Last Updated on January 23, 2021 by rob
Dying businessman Senzo (So Yamamura) announces his vast fortune is to be split among his three illegitimate children provided they can be located. To this end he orders loyal and innocent secretary Yasuko (Keiko Kishi) to locate his eldest whilst a bent lawyer (Jun Hamamura) is instructed to find the other two. But Senzo’s greedy wife Sato (Misako Watanabe) conspires with the lawyer to sabotage the hunt while his ambitious assistant (Tatsuya Nakadai) hatches his own plan by entering into an arrangement with Senzo’s murderously inclined daughter, Mariko (Mari Yoshimura).

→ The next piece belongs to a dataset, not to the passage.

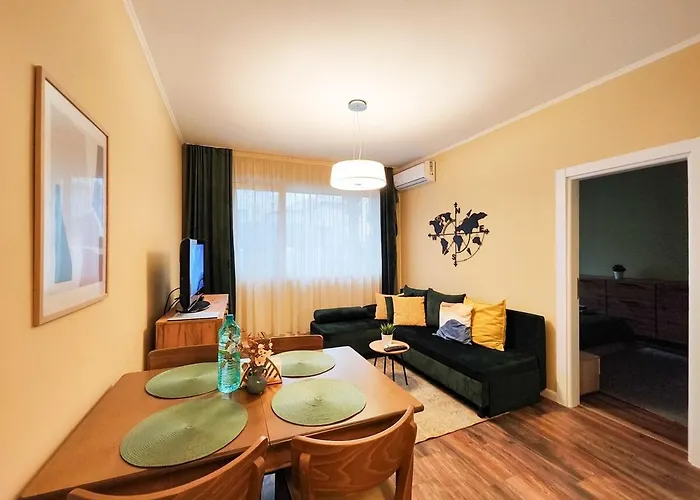 Apartment Pastelo - 6 Min To The & Promenade Varna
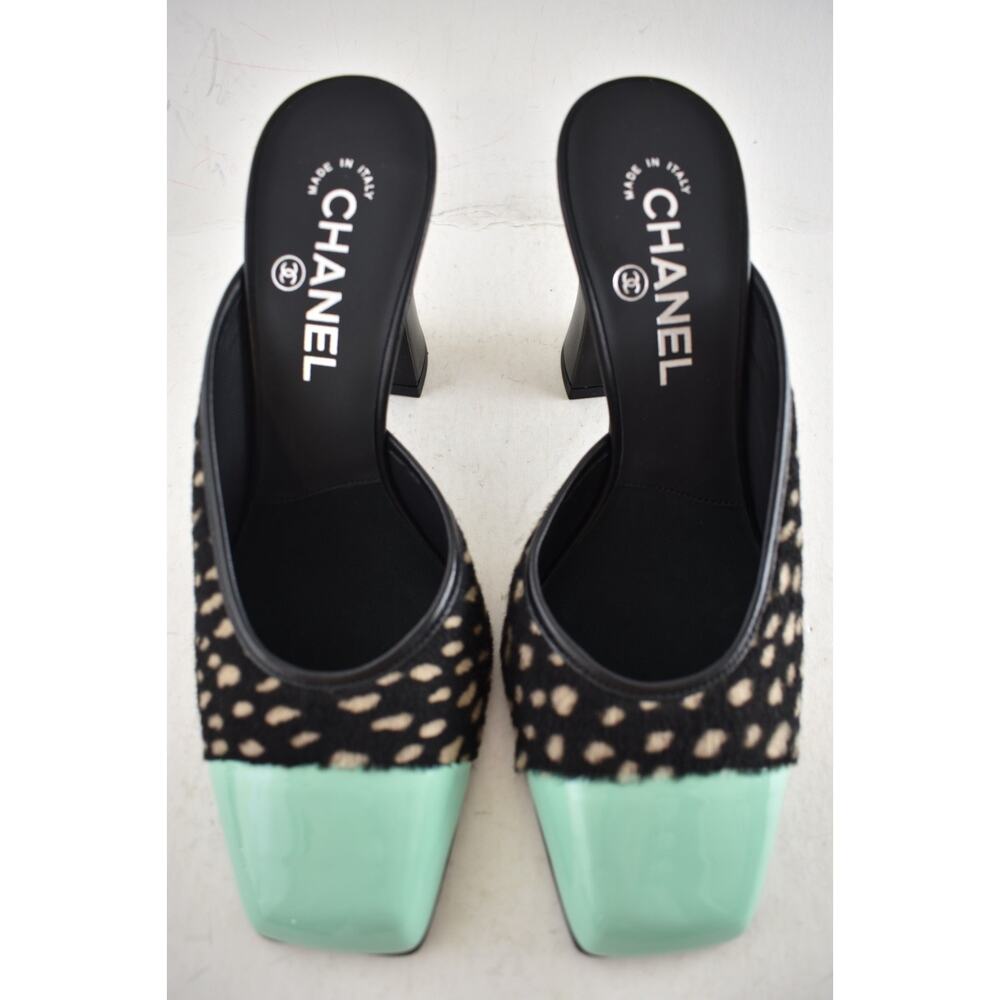 Chanel 26S Blazy Black White Pony Fur Green Square Toe Block Heel Pump Mule 38 - Picture 13 of 16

An enjoyable and entertainingly cynical portrait of a bunch of amoral schemers, ultimately all done over by the one character in the film seemingly least likely to harbour a malicious thought. Part drama, part film noir and with a dash of corporate intrigue (this feels like a particularly acidic Billy Wilder movie) this is beautifully shot in b/w with cinematographer Takashi Kawamata contributing a succession of splendidly dynamic widescreen compositions. Toru Takemitsu’s terrifically cool jazz score enhances the general air of seediness and the film boasts pitch-perfect performances from its classy cast, not the least of which is Keiko Kishi’s turn as the boss’s innocent secretary. Now admittedly The Inheritance is an ensemble piece and not a star vehicle for Kishi as such, but even so the film gives her the opportunity to play both sides of her screen persona and it really works because it’s Kishi’s character the viewer relates too (everyone else is just too repulsive for words).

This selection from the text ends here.